WHAT THE EXERCISE ASKS: Your answer is to be the exact text of the lines from the one containing "Fur Pc Kostenlos" through the final line of the entries, restated in full, with pictures omitted.

TASK MATERIAL below:

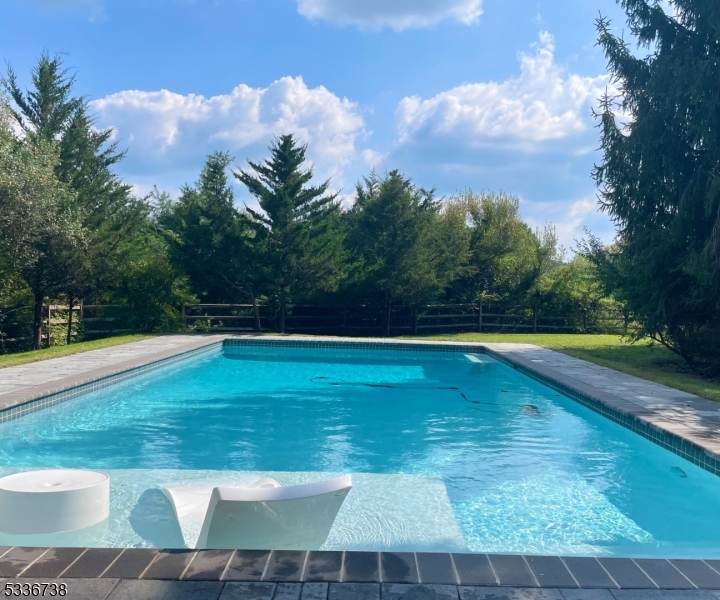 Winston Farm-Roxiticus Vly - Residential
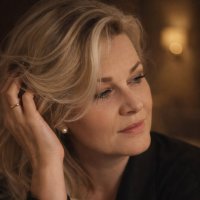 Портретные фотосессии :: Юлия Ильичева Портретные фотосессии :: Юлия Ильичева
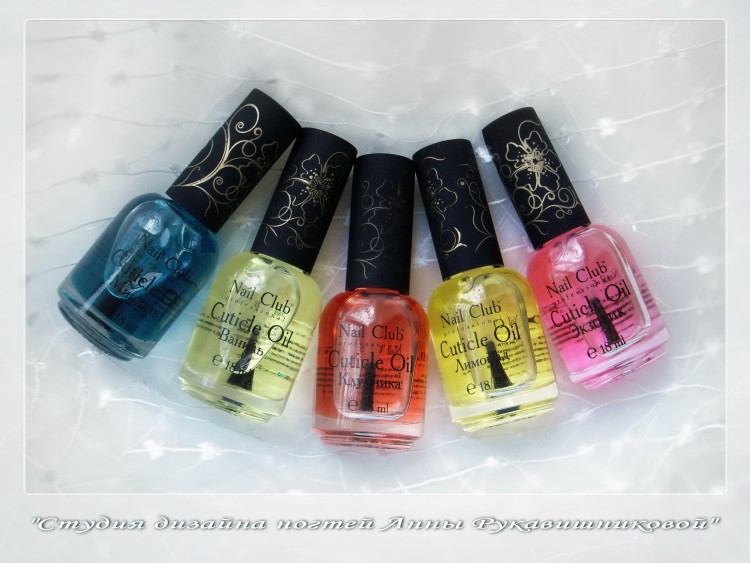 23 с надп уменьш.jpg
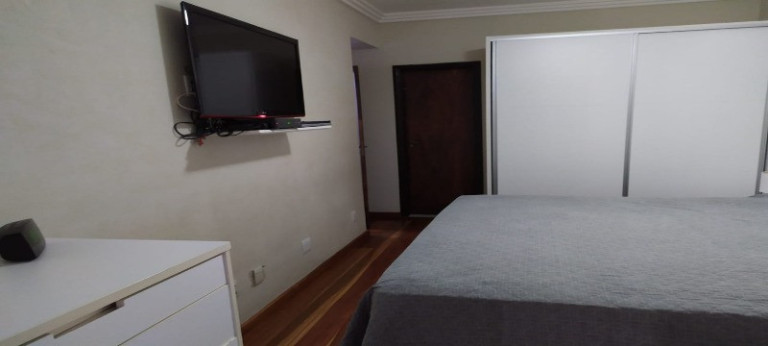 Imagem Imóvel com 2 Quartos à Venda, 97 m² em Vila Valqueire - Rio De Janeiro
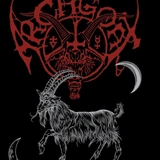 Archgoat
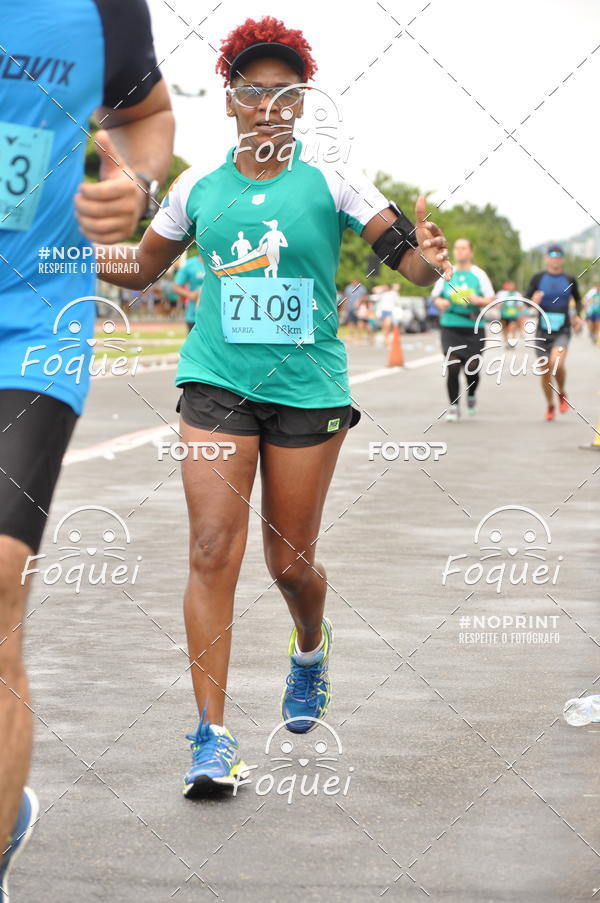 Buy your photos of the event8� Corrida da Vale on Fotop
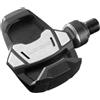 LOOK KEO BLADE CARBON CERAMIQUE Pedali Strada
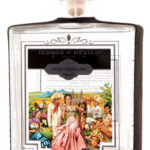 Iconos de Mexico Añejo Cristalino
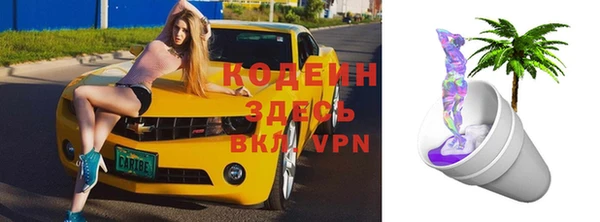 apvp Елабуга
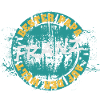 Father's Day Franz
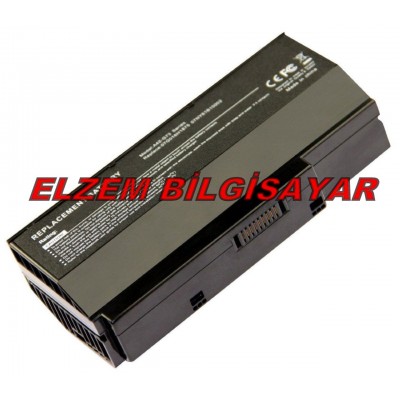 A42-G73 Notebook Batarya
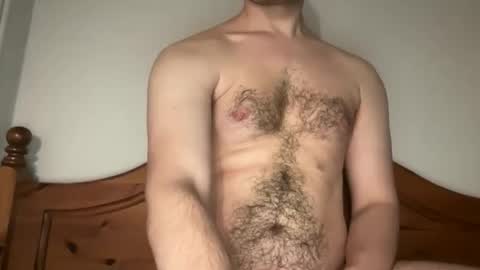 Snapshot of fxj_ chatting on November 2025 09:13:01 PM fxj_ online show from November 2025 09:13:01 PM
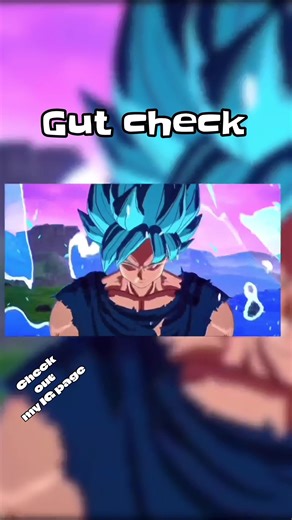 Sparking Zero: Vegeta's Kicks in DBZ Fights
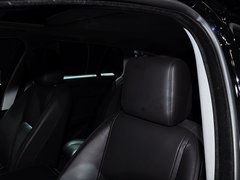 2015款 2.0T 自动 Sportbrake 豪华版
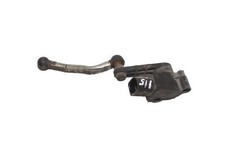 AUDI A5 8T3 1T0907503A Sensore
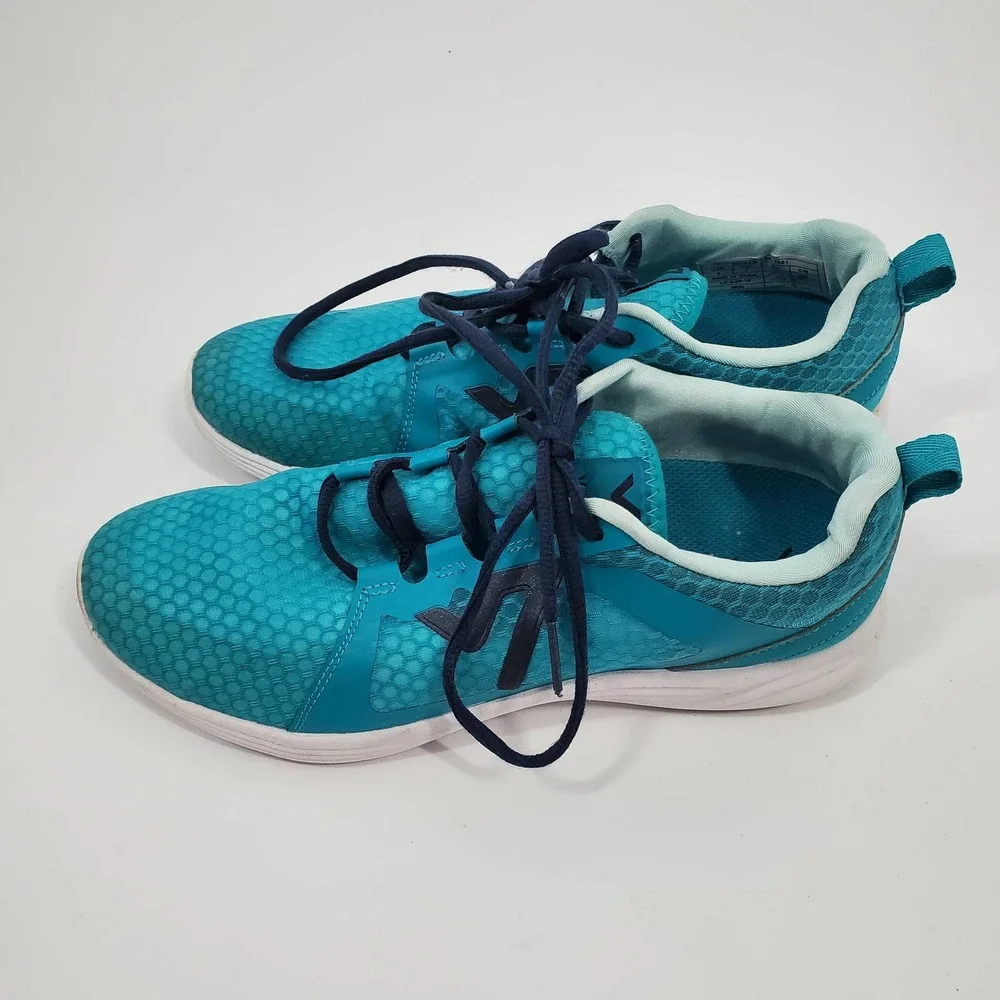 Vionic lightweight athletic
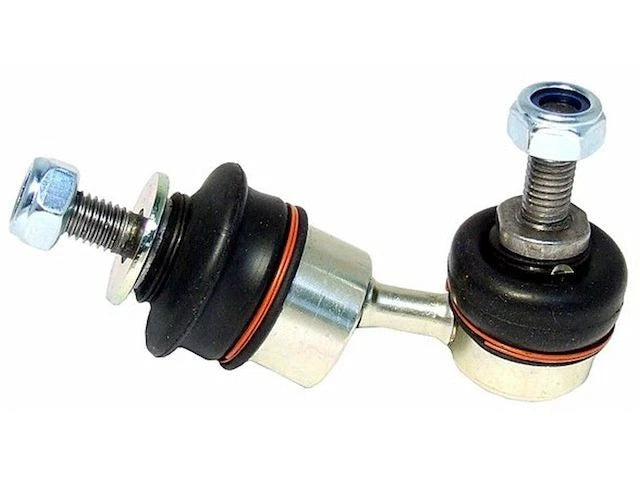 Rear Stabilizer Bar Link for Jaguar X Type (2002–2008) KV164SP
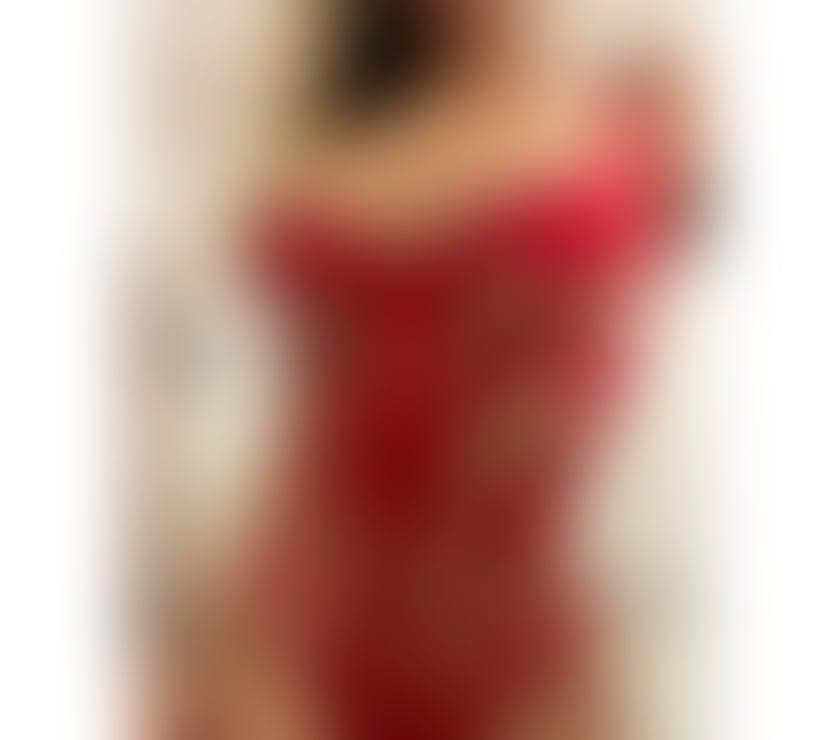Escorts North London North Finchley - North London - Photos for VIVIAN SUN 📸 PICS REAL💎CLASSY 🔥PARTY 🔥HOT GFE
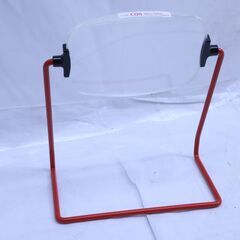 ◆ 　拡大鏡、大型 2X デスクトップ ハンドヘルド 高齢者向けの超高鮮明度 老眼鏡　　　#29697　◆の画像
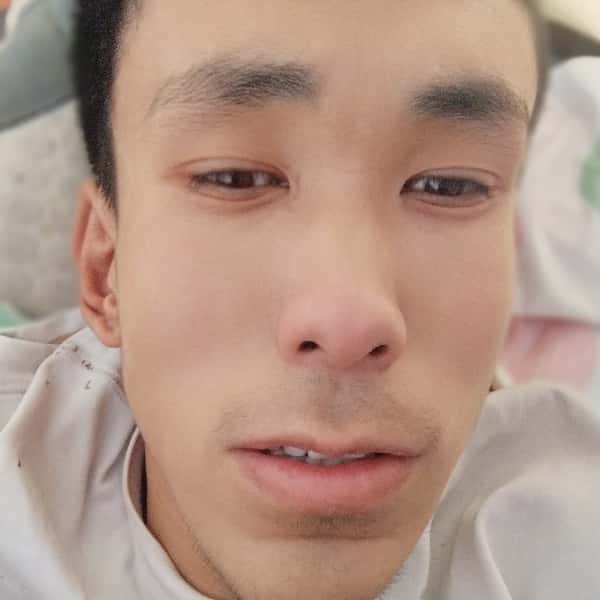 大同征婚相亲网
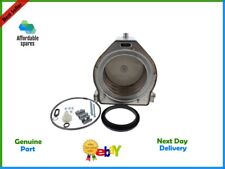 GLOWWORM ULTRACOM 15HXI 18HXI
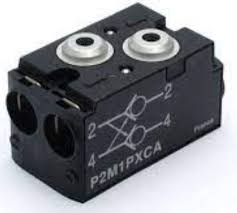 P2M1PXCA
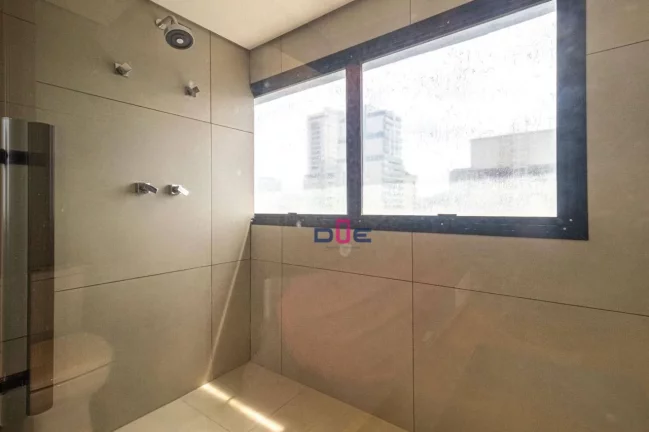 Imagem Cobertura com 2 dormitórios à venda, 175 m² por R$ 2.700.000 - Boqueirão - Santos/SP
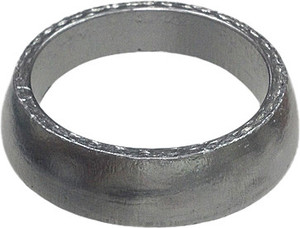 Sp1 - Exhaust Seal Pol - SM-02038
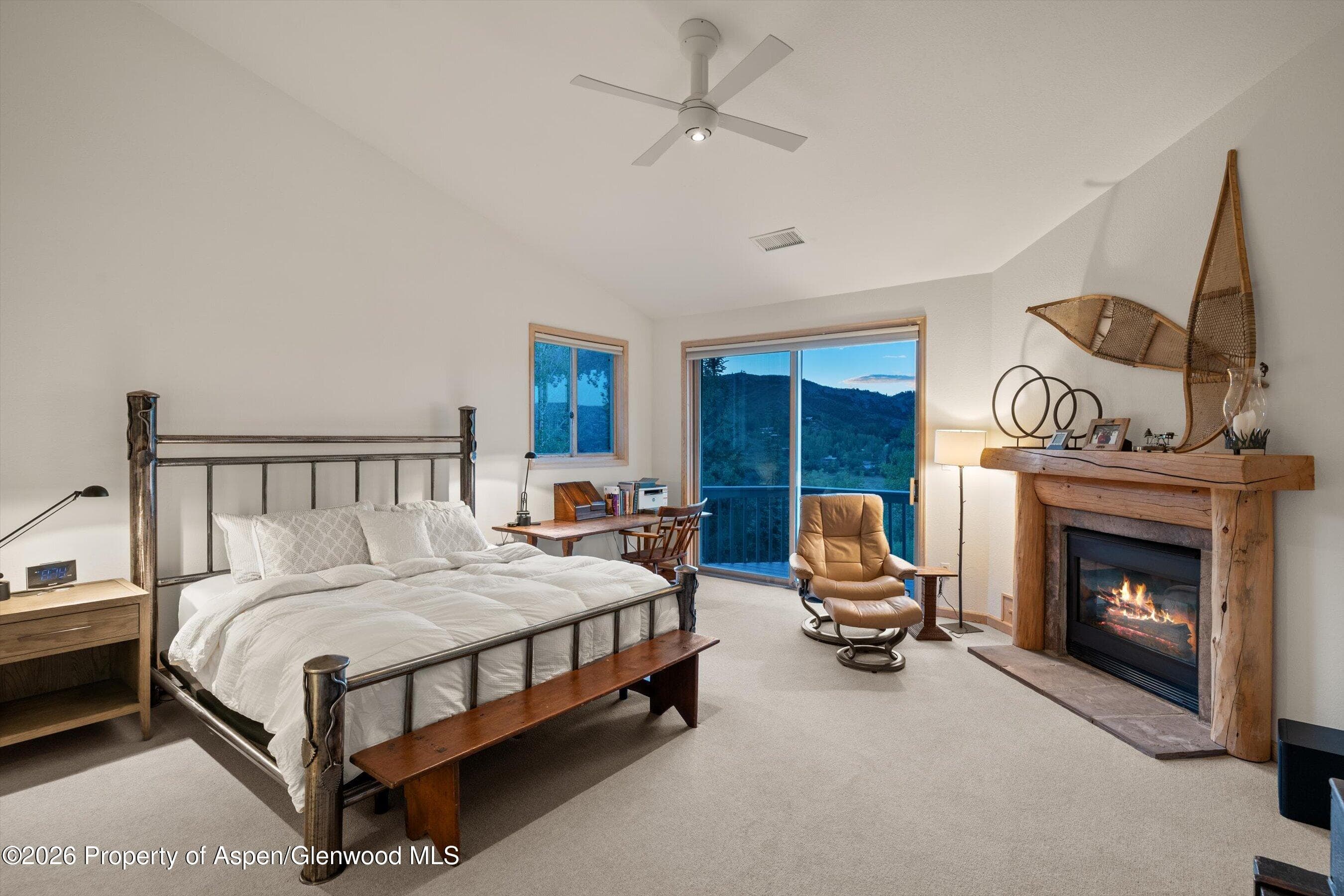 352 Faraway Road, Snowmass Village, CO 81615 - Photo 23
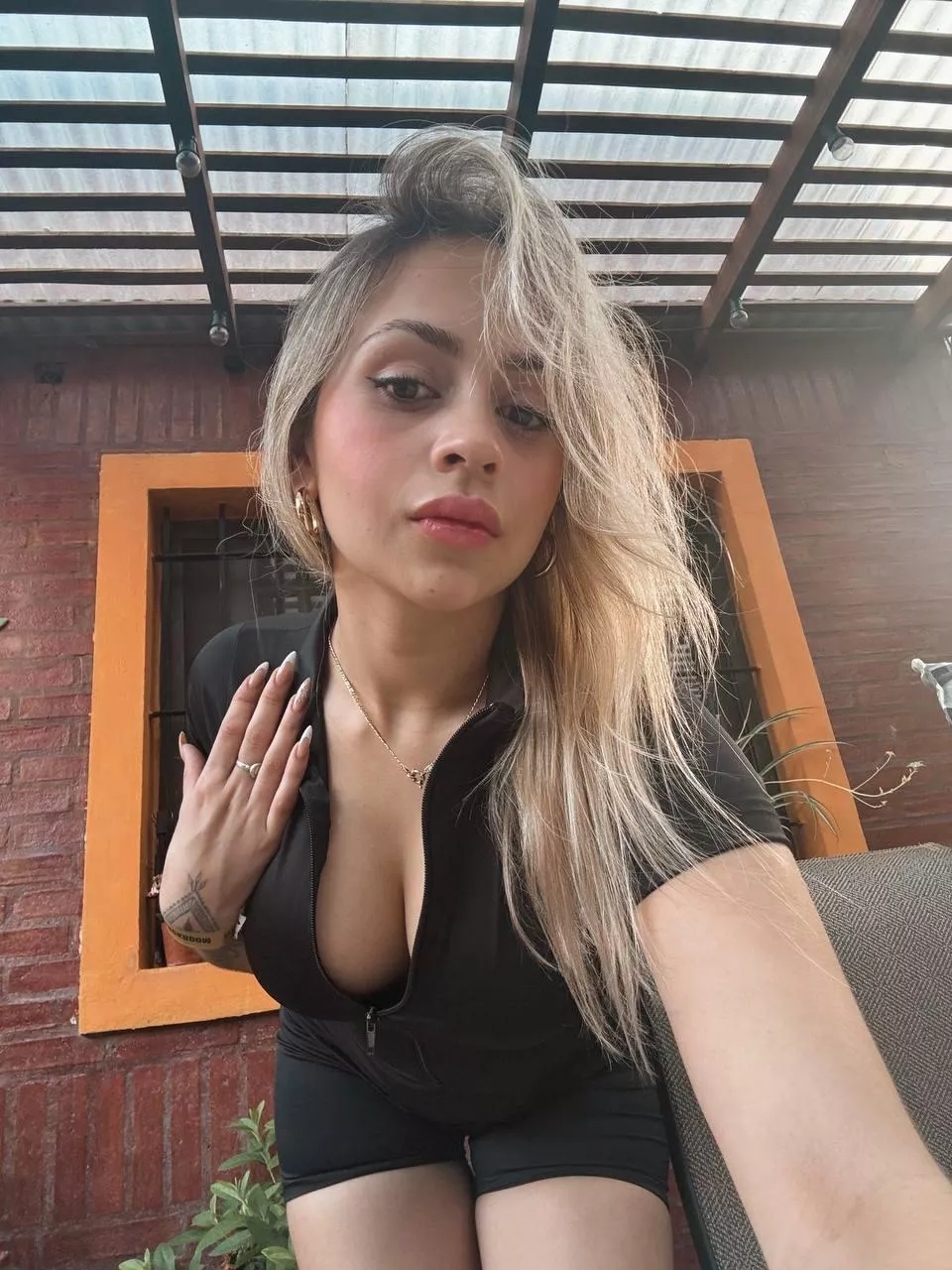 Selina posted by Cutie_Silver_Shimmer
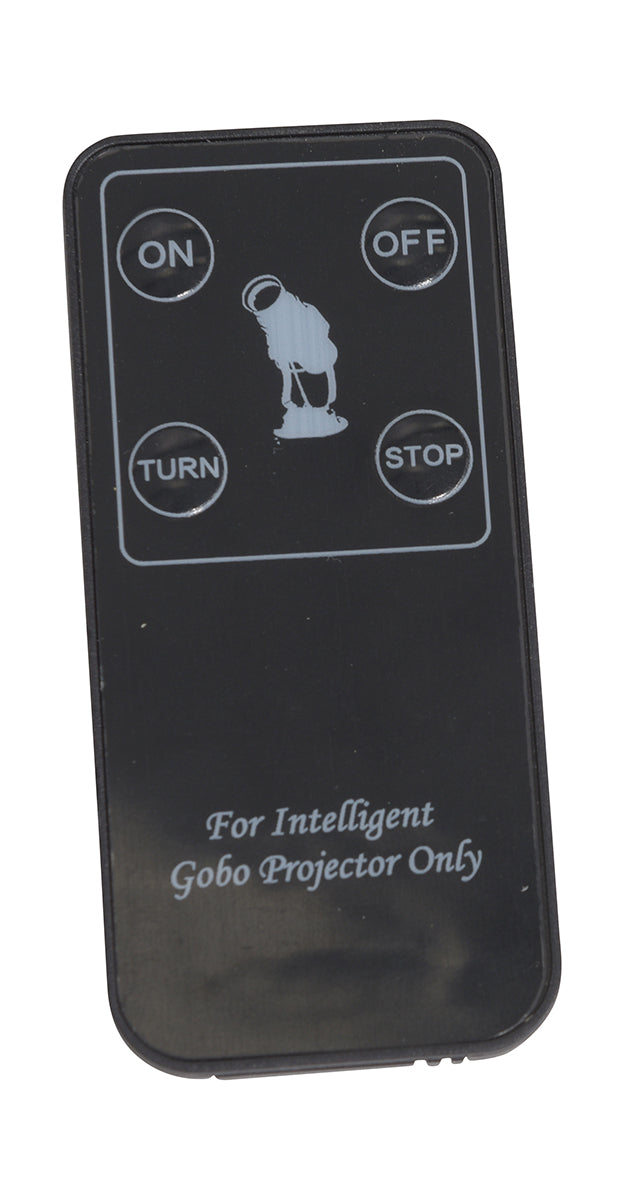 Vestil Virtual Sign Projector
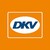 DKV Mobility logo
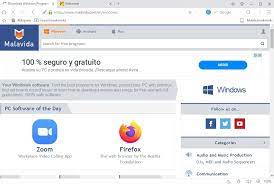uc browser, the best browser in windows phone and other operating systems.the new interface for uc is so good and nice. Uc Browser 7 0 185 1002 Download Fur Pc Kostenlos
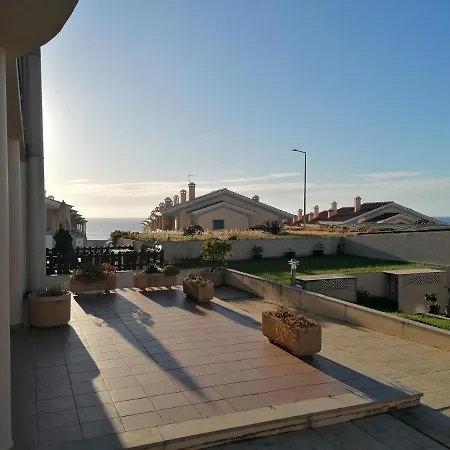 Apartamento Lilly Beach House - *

End of TASK MATERIAL.

ANSWER TO THE PROBLEM:
uc browser, the best browser in windows phone and other operating systems.the new interface for uc is so good and nice. Uc Browser 7 0 185 1002 Download Fur Pc Kostenlos
 Apartamento Lilly Beach House - *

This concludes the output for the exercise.